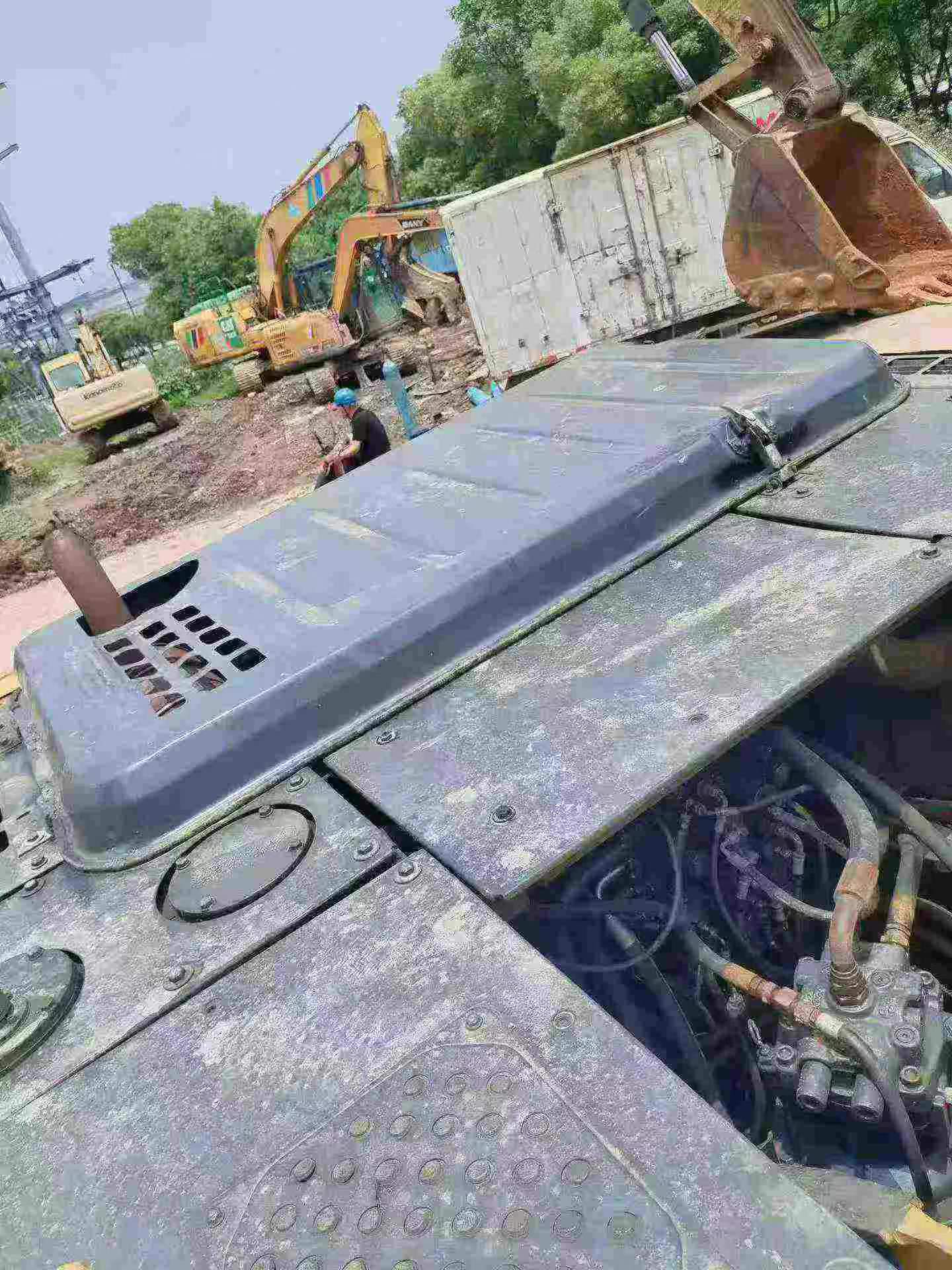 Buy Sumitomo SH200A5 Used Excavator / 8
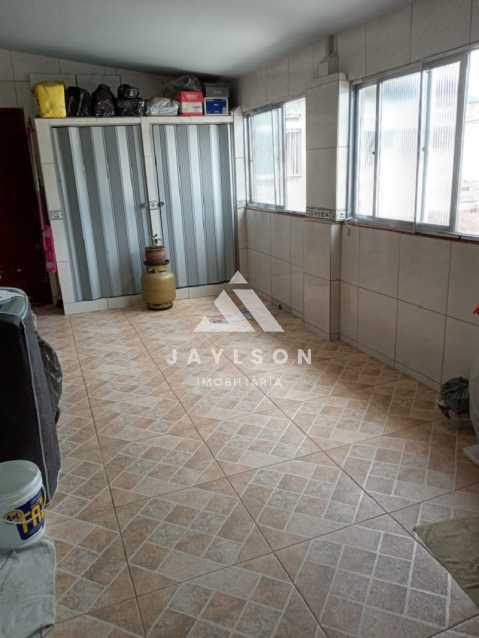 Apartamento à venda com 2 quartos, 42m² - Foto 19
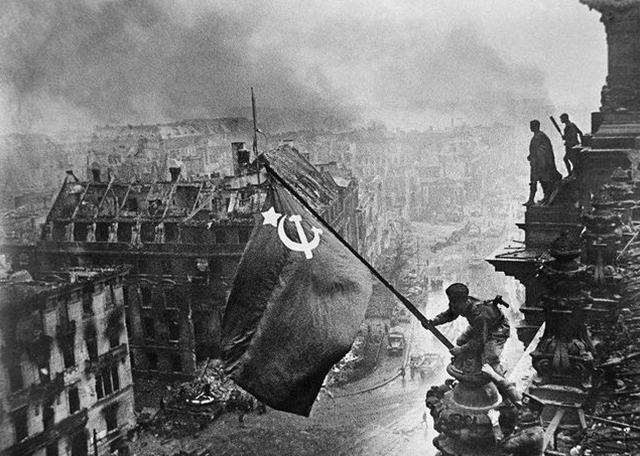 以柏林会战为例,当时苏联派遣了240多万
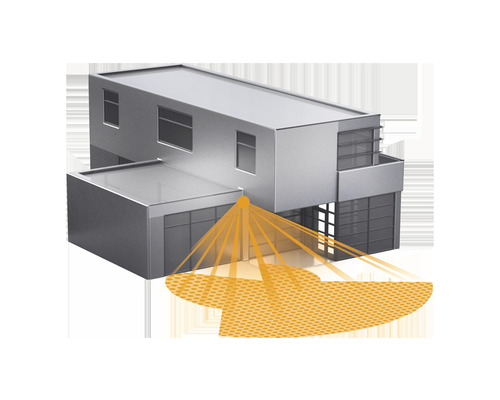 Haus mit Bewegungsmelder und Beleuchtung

************

Assignment:
Retype the data above exactly; pictures are not part of the copy.

Your solution:
 Buy Sumitomo SH200A5 Used Excavator / 8
 Apartamento à venda com 2 quartos, 42m² - Foto 19
 以柏林会战为例,当时苏联派遣了240多万
 Haus mit Bewegungsmelder und Beleuchtung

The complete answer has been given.